╔══
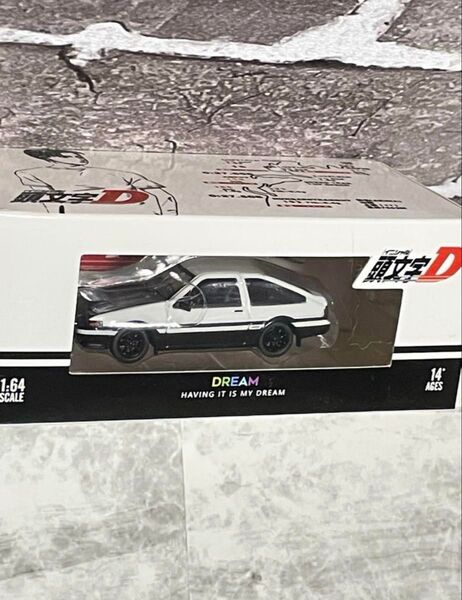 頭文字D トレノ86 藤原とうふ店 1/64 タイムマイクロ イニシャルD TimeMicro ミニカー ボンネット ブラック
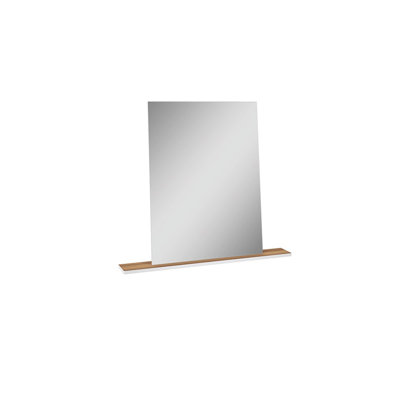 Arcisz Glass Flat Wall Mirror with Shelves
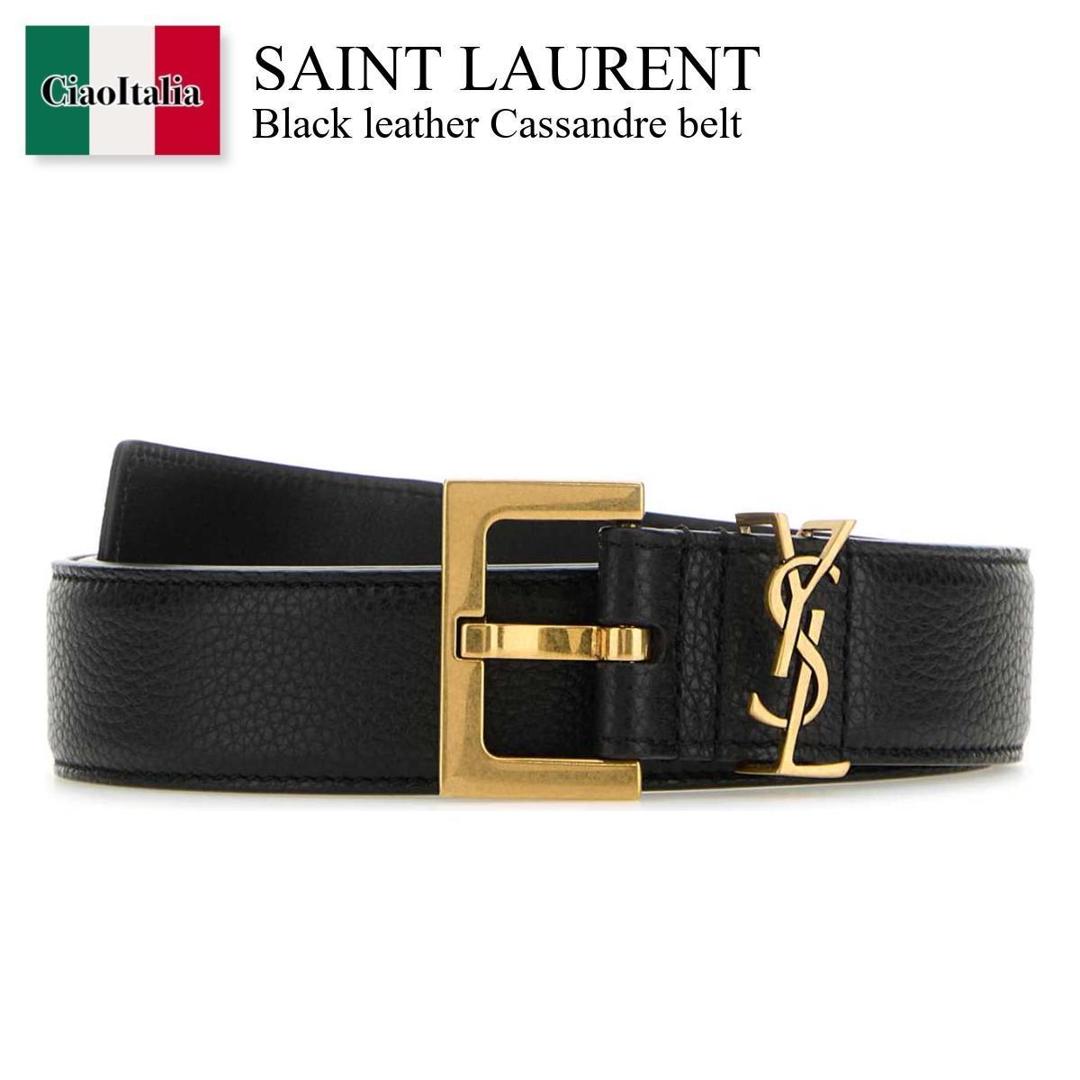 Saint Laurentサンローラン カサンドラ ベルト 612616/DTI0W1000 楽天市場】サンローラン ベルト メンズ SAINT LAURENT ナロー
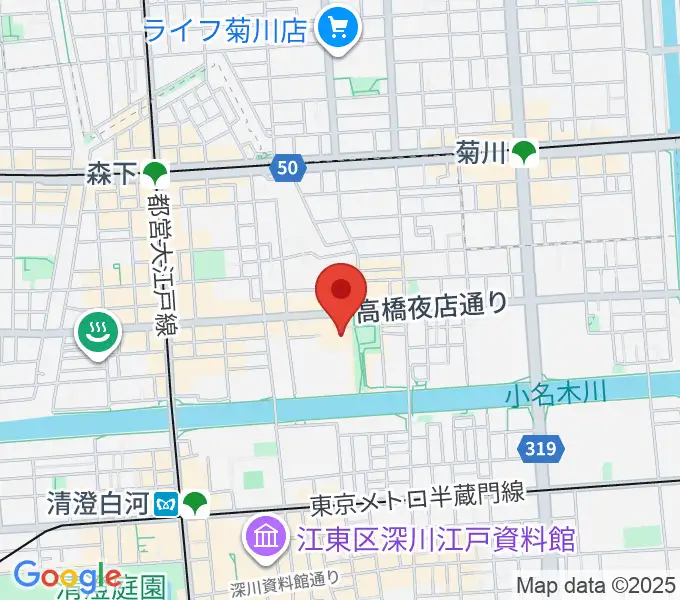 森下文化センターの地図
╚══
The data above must be written out again word for word, without its pictures.

Response for this exercise:
 頭文字D トレノ86 藤原とうふ店 1/64 タイムマイクロ イニシャルD TimeMicro ミニカー ボンネット ブラック
 Arcisz Glass Flat Wall Mirror with Shelves
 Saint Laurentサンローラン カサンドラ ベルト 612616/DTI0W1000 楽天市場】サンローラン ベルト メンズ SAINT LAURENT ナロー
 森下文化センターの地図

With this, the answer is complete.